A witness, who was at Smyllum Park in Lanark during the 1940s and 1950s, said he is "haunted" by memories of his time at the facility.
A witness, who was at Smyllum Park in Lanark during the 1940s and 1950s, said he is "haunted" by memories of his time at the facility.

Nuns at an orphanage used anti-Semitic threats while beating a boy of Jewish descent, an inquiry has heard.

The witness, who was at Smyllum Park in Lanark during the 1940s and 1950s, said he is “haunted” by memories of his time at the facility.

He told how he is still “scared” of nuns, to the extent he could not watch the film comedy Sister Act with his daughter.

His submissions were heard at the Scottish child abuse inquiry in Edinburgh on Tuesday.

Although he did not know of his Jewish heritage at the time, having entered the home at a very young age, he said it was referred to while he was beaten on a number of occasions.

The witness said: “The nuns would say ‘we will beat the Jewishness out of you’.

“If you consider what Hitler did during the war – it was just after that period. I don’t think I was beaten because I was Jewish, it’s just an expression that was used.”

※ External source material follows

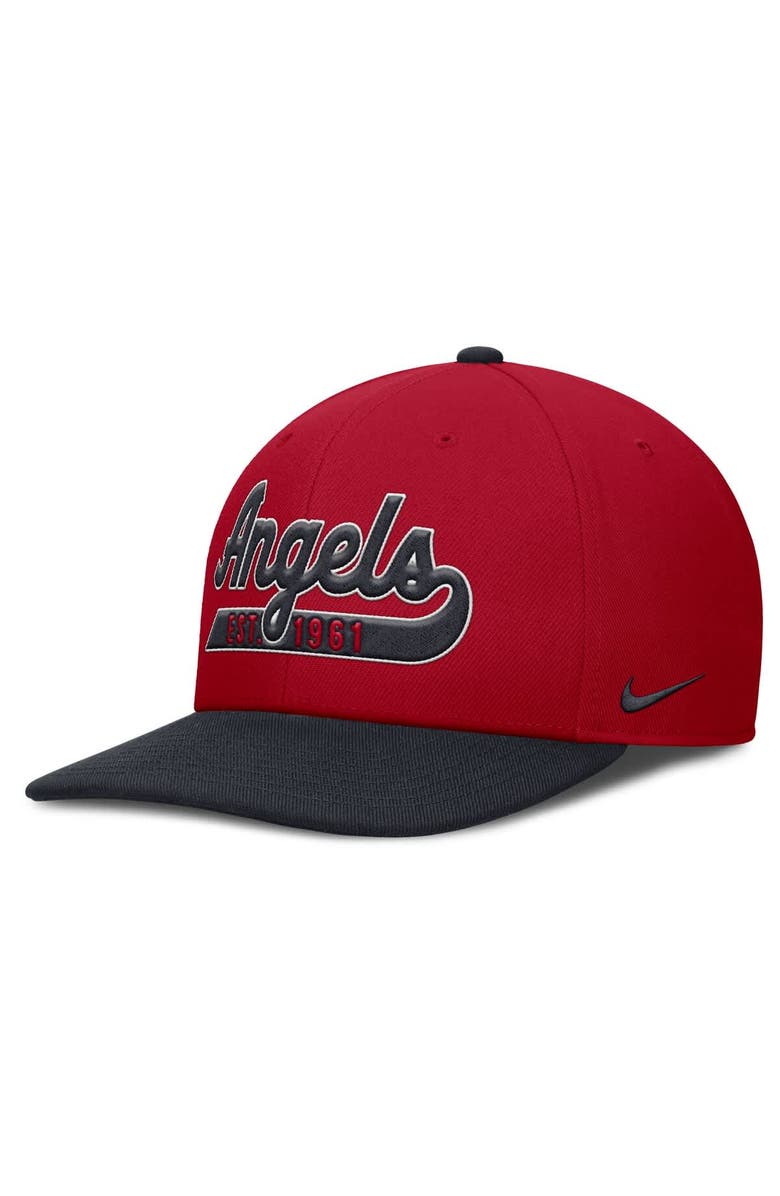 Nike Men's Nike Red/Navy Los Angeles Angels Pro Performance Snapback Hat, Alternate, color, Red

The man’s parents had come to the UK to flee Nazis in Europe but were unable to look after him.

According to the witness, he only found out he had parents on the day his mother collected him to take him home years later.

He also told how one boy was never seen again having been punished for playing football at the home, formerly run by the Daughters of Charity of St Vincent de Paul.

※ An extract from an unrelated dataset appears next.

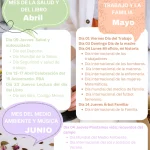 Programa de actividades para el segundo trimestre de 2026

On a winter Sunday, he and a few boys had been kicking a ball about when nuns saw them committing the “sin” on the holy day.

The inquiry heard how they were stripped, beaten with a strap and made to stand outside for a number of hours.

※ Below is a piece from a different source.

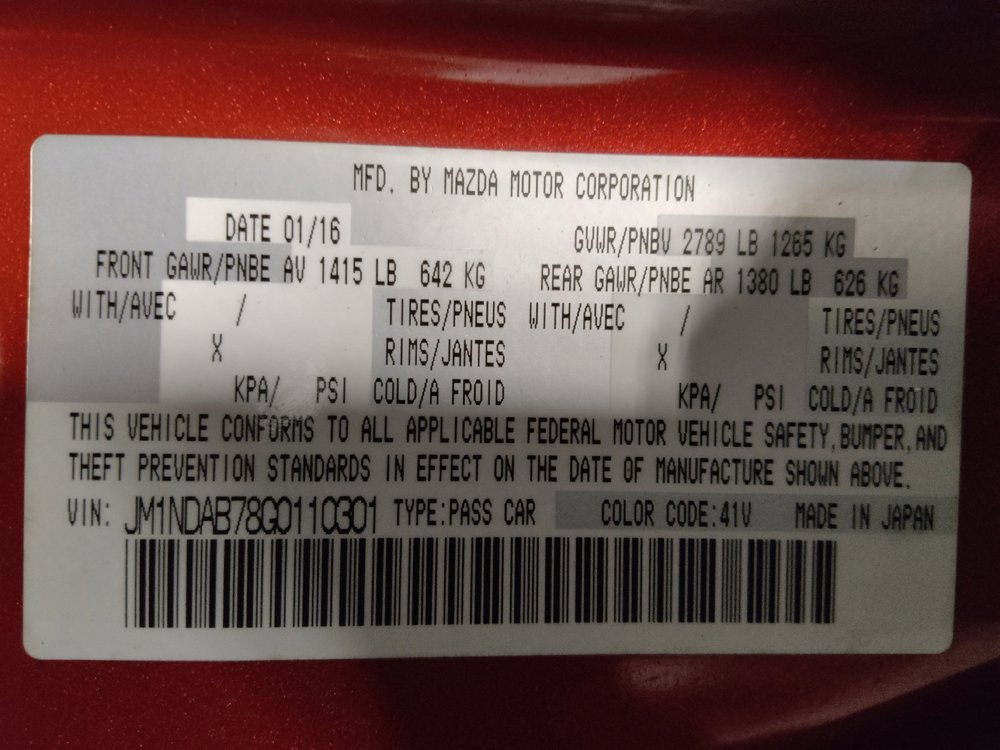 Used 2016 MAZDA MX-5 Miata Sport image 33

When they went back to their dormitory for bed, he said one of his friends had been crying about how cold he was.

In the morning he was no longer there and never seen again by the witness.

He added: “There were rumours he had pneumonia, it still haunts me to this day what might have happened to him.”

Other accounts of his time at the home include a worker touching boys’ genitals to “check” if they had wet the bed and being beaten for being left-handed.

On a number of occasions he said he was made to eat onions he had vomited after being force-fed them.

The witness said he was taking part in the inquiry so children do not have similar experiences to him in care.

He added: “People still talk about the Holocaust, but why are we still talking about it?

“It’s because it’s part of the world’s history and hope that things like this don’t happen again.

“I’m not looking for retribution in any way, I just want the world to know what happened at this place and that children in homes today don’t have to go through what we went through.”

The inquiry before Lady Smith continues.

Support your Jewish community. Support your Jewish News

Thank you for helping to make Jewish News the leading source of news and opinion for the UK Jewish community. Today we're asking for your invaluable help to continue putting our community first in everything we do.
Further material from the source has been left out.